Può una desolata brughiera diventare terreno fertile? E allo stesso modo, un “bastardo” reietto può diventare nobile? Il film danese presentato in concorso a Venezia, intitolato appunto Bastarden, ruota intorno a questo parallelismo, all’idea – certamente non nuova, soprattutto al cinema – che origini e radici segnino ogni singolo essere sociale come un marchio indelebile, potendo diventare anche una persecuzione e determinandone il destino. Il regista danese Nikolaj Arcel, reduce dall’inguardabile La torre nera, scrive e dirige una specie di western nordico a partire dal romanzo Kaptajnen e Ann Barbara di Ida Jessen, un dramma in costume ambientato in Danimarca del tardo ‘700, nella penisola dello Jutland, landa desolata di torbiere e brughiere, ma anche terra promessa (Promised Land è il titolo internazionale del film) del capitano Ludvig Kahlen, interpretato da un grandioso Mads Mikkelsen, il “bastardo” del titolo, figlio reietto di un nobile che è riuscito a costruirsi una carriera da soldato decorato e che aspira al titolo nobiliare e alla proprietà terriera. Nel suo tentativo di fertilizzare la brughiera e le sue origini, si scontrerà con un latifondista crudele e corrotto. Il dramma di Nikolaj Arcel è asciutto e brutale, sconta qualche problema di scrittura nella caratterizzazione di alcuni personaggi (il “cattivo” è un concentrato di stereotipi), ma funziona molto bene, sorretto dalla performance superlativa di Mikkelsen, uno dei candidati al riconoscimento come migliore attore del concorso.

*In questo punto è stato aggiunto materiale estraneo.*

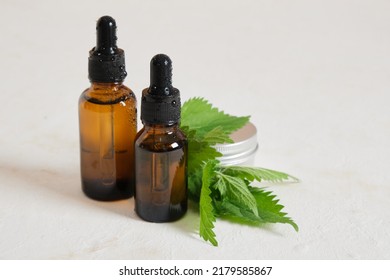 two amber Glass dropper bottles of nettle oil or serum and nettle leaves beige background top view opy space nettle benefits for skin, natural cosmetics concept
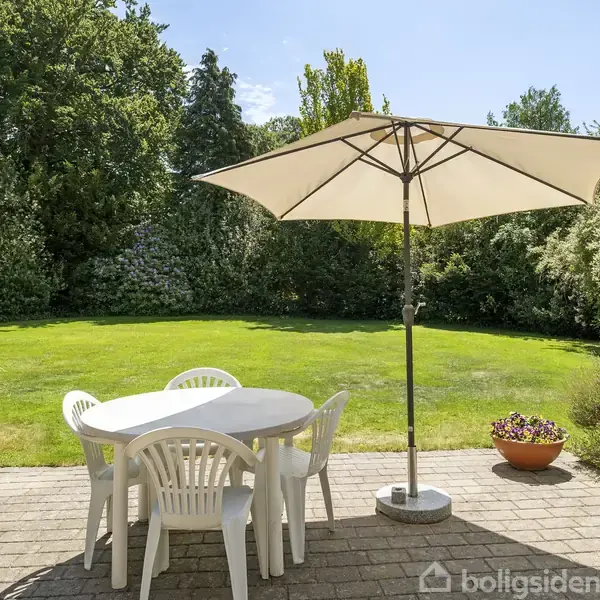 Rundt bord med fire hvide plastikstole står på en terrasse. En stor parasol giver skygge. Baggrunden viser en stor grøn græsplæne omgivet af buske og træer.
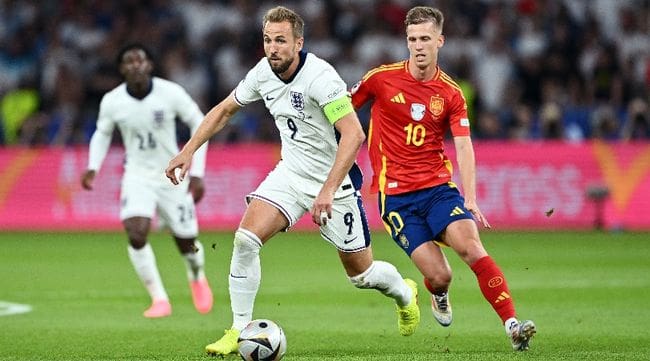 England's Harry Kane and Spain's Dani Olmo compete for the ball in the final of Euro 2024.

Wes Anderson, premiato in sala grande con il premio Cartier Glory to the filmmaker, ha presentato il mediometraggio The Wonderful Story of Henry Sugar, prodotto targato Netflix e ispirato a un’opera di Roald Dahl. Il film porta avanti un discorso formale che il regista americano aveva già impostato con The French Dispatch. In quel caso, l’omaggio al grande giornalismo americano in stile The New Yorker si traduceva in un film che si “sfogliava” con lo sguardo come si fa con una rivista; in questo nuovo lavoro, invece, viene ripreso lo stile di Roald Dahl, tentando la via di un adattamento che si colloca in un territorio ibrido tra il libro illustrato e l’audiolibro. Il risultato è un piccolo gioiello, perfetto come durata e ritmo, un film grafico e suggestivo, che – sostenuto da un cast strepitoso, con Benedict Cumberbatch, Ralph Fiennes, Ben Kingsley – sembra interrogarsi con ironia e intelligenza su l’eterna questione di che cosa sia davvero il cinema.